Low Sugar Bread and Butter Pudding
Unlike most shop-bought ones, this is a simple-to-make bread and butter
pudding that does not contain a ton of sugar, yet still tastes delicious.
Have a try and you'll know why we don't need so much sugar in it to
make it taste good.
- 3 pieces of old bread
- 30g/2 tablespoons brown sugar
- 2 cups of full cream milk
- 3 medium free range eggs
- 1/2 cup raisins
- Some vegetable spread
- 2 teaspoons ground cinnamon
- Preheat the oven to 180ºC or gas mark 4.
- Lightly line the inside of a baking dish with some vegetable spread.
- Cut the bread into 6 triangles, trim the crust off if you wish to.
- Spread both sides of the bread with some vegetable spread, and place them in
the baking dish with the longer side touching the base.
- Scatter the raisins in between the bread slices, and sprinkle 1 teaspoon of
ground cinnamon over it.
- Beat the eggs with the milk, brown sugar, and the remaining ground cinnamon
in a deep bowl or a large measuring cup till the mixture is smooth and the sugar
- Pour the egg mixture evenly into the baking dish, over the bread.
- Place the pudding into the oven and bake for 15-20 minutes, take it out to
lightly sprinkle a thin layer of brown sugar (about 1 teaspoon is good enough)
over the top of the pudding with your fingers. Place it back in the oven for
another 5-10 minutes to let the sugar caramelise.
- Serve it with hot custard or cream, or just have it on its own!

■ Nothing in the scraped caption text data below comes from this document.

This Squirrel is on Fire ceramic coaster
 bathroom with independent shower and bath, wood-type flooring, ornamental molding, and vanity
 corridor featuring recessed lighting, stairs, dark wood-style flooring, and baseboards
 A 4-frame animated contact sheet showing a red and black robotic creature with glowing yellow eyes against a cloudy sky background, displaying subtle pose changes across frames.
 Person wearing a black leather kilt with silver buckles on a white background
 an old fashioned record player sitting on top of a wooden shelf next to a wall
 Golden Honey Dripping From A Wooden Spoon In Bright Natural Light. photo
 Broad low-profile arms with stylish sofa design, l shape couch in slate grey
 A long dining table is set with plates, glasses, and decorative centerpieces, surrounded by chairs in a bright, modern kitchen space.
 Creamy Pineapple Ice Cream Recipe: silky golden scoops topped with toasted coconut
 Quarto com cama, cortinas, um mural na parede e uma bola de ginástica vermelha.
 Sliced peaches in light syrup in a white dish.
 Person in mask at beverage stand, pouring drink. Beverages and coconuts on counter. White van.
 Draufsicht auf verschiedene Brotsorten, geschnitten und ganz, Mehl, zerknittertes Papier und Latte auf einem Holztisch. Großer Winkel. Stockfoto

- The raisins will give a natural sweetness to the pudding, and most ready-to-serve
custard will be packed with sugar; which is why we do not need as much sugar as
most recipes suggested.
- You can add, or replace the raisins with sultanas and/or other dried fruit.
- Add a few slices of banans between the bread can be surprisingly tasty too.